I doubt whether this will ever be re-written, and its no real problem as the application works well and can be supported by the development team as is. Further to this the use of ASP.NET MVC and C# was fun and as stated above the C# drivers for Mongo are great, certainly much better than the python drivers I have used briefly on other projects. Another benefit is that we can add value to the data and application via the POCO in the form of helpers and constructors, so its not a bad marriage, just perhaps a little odd but with nice benefits.

ViewModel Models

So we serialise the POCO back to JSON and return this to the Data Service, which then satisfies the promise made by the ViewModel. The data returned from the Data Service is a representation of the POCO but in a form that can be easily bound to the DOM by the ViewModel, to demonstrate this the Question and Answer models we work with client side are shown below;

window.CarPlus.KnowledgeBase.Models.Question = function (id, text, dateCreated, niceDateTime) {
    var self = this;
    self.id = id;
    self.questionText = text;
    self.dateCreated = moment(dateCreated).startOf('day').fromNow();
    self.niceDateCreated = niceDateTime;
    self.answers = ko.observableArray([]);
};

window.CarPlus.KnowledgeBase.Models.Answer = function (id, answerText, questionId, questionText, isPublic, isBookmarked) {
    var self = this;
    self.id = id;
    self.questionId = questionId;
    self.questionText = questionText;
    self.answerText = answerText;
    self.isBookmarked = isBookmarked;
    self.public = ko.observable(isPublic);
};

As you can see one Question can have many Answers, in our Question model above this is represented by the observabe array 'answers'. Also if you compare this to our Question POCO you can see we only map the properties that we want to use in the DOM and our ViewModel operations, so some properties of the POCO may be ignored when we return data via the Data Service. One quick point to note is that on our Question model above we make use of a library called moment.js which is a great way to display blog like time stamps (1 day ago, 10 minutes ago, etc), we also make use of our POCO helper method value NiceDateTime so that we have both dates available in useable formats should we wish to use these to display to the user.

The DOM

If we now return to our DOM we can see that we have a <ul> bound to the observable array 'recentAnswers' as well as a <p> which is only visible if we have some recent answers to show. The 'recentAnswers' observable array is an array of window.CarPlus.KnowledgeBase.Models.Question objects, and each of these has a property called 'answers' which is itself an array of window.CarPlus.KnowledgeBase.Models.Answer objects, so this allows us to show a list of questions and for each question, the related answers, as shown below;

<div id="search-results">
    <h2>Recent questions</h2>
    <p data-bind="visible: recentAnswers().length === 0">

      There are currently no recently answered questions.</p>

    <ul data-bind="foreach: recentAnswers">
        <li data-bind="visible: answers().length > 0">
            <h3 data-bind="text: questionText"></h3>
            <ul>
                <li>
                    <div data-bind="foreach: answers">
                    <span data-bind="text: dateTime"></span>
                    <a href="#" data-bind="click: $root.createBookmark.bind($root, $data),

                                                         css: { selected:  isBookmarked}">Bookmark this answer</a>

                    <h4>Answer</h4>
                    <p data-bind="text: answerTextSummary"></p>
                    <button data-bind="click: $root.selectAnswer.bind($root, $parent, $data)">Read More</button>
                </li>
            </ul>
        </li>
    </ul>
</div>

For each question (recentAnswer) we display the question text and then we iterate through each answer to this question and display these answers within a nested <ul>.

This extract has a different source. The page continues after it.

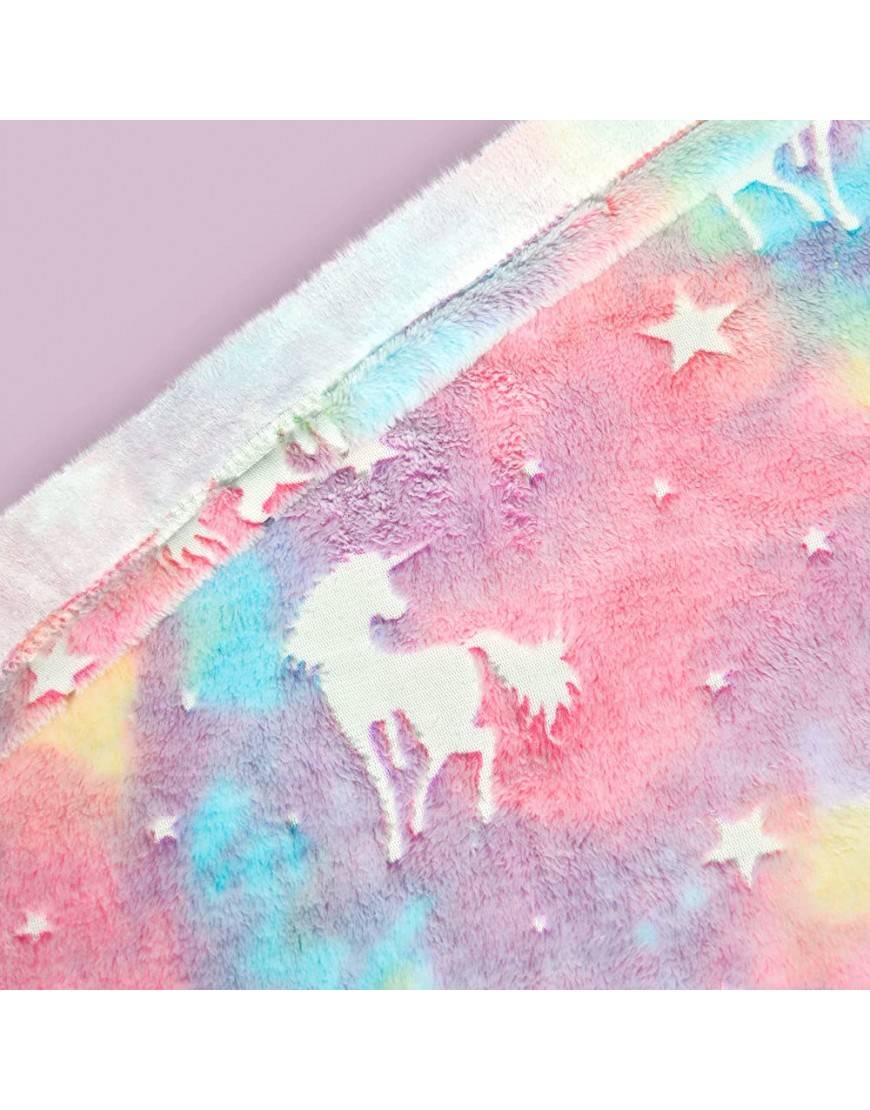Stolphi Glow in The Dark Unicorn Throw Blanket for Girls Kids Teens Premium Super Soft Plush Microfiber Fun Gift for All Occasions Rainbow Pink - BIRI6LOH4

You may have noticed that we have some extra functionality available to the user here, for each answer the user can create a bookmark, or select the answer (to show a detailed view), these are bound to the ViewModel functions createBookmark and selectAnswer respectively. These are worth a quick mention as they help to demonstrate binding context.

Root and Parent

As the elements that the createBookmark and selectAnswer functions are bound to are nested within a foreach binding the context of these functions needs specifying. If we simply had $createBookmark.bind() we would be trying to bind to the createBookmark function of an Answer, which does not exist so would throw an error.

What we need to do is ensure that we bind at the right level, hence the use of the $root prefix to these function bindings. We could use $parent here, however this would also fail, as we are nested within two foreach bindings we need to use $root which places us at the root of the ViewModel, rather than simply the $parent of the Answer, which in our case would be the Question and again would fail as Question has no function called createBookmark.

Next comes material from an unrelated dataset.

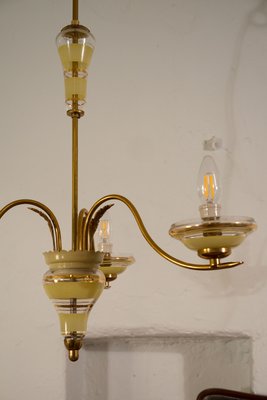 Vintage Murano Glass Gold and Brass Ceiling Lamp from Stilnovo, 1950s-QES-673661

The knockout binding context is discussed in more detail here and is pretty self explanatory, however it has caught me out a few times during development so its well worth reading and remembering.

Summary

To summarise then, we have seen how we can structure an application using ASP.NET MVC, Mongo and Knockout and we have followed a use case (to show recently answered questions in our knowledge base) from initial request to response, through the ViewModel initialisation, AJAX data requests and responses and finally data binding to the DOM and display of the results.

Along the way I have thrown in a few random thoughts and plenty of snippets of code to demonstrate how it all hangs together, I hope this has been interesting and also maybe of some use to someone out there working on a similar application. As always your comments and thoughts are most welcome and finally thanks for reading this somewhat long winded post.

Oh and as I wrote this post I learnt a couple of things, a) I may need to split my rambling posts into smaller chunks and b) I need to figure out how to better format code snippets, perhaps some custom CSS will help. Anyway enough for now.

Cheers,
James

 

MongoDb Schema Design by James Heywood

Before we get started, if you haven't heard of MongoDb or are unfamiliar with document stores (as opposed to relational databases) have a quick read through the MongoDb site as a primer for this post here; All done? Good then as long as we're all sitting comfortably I'll begin.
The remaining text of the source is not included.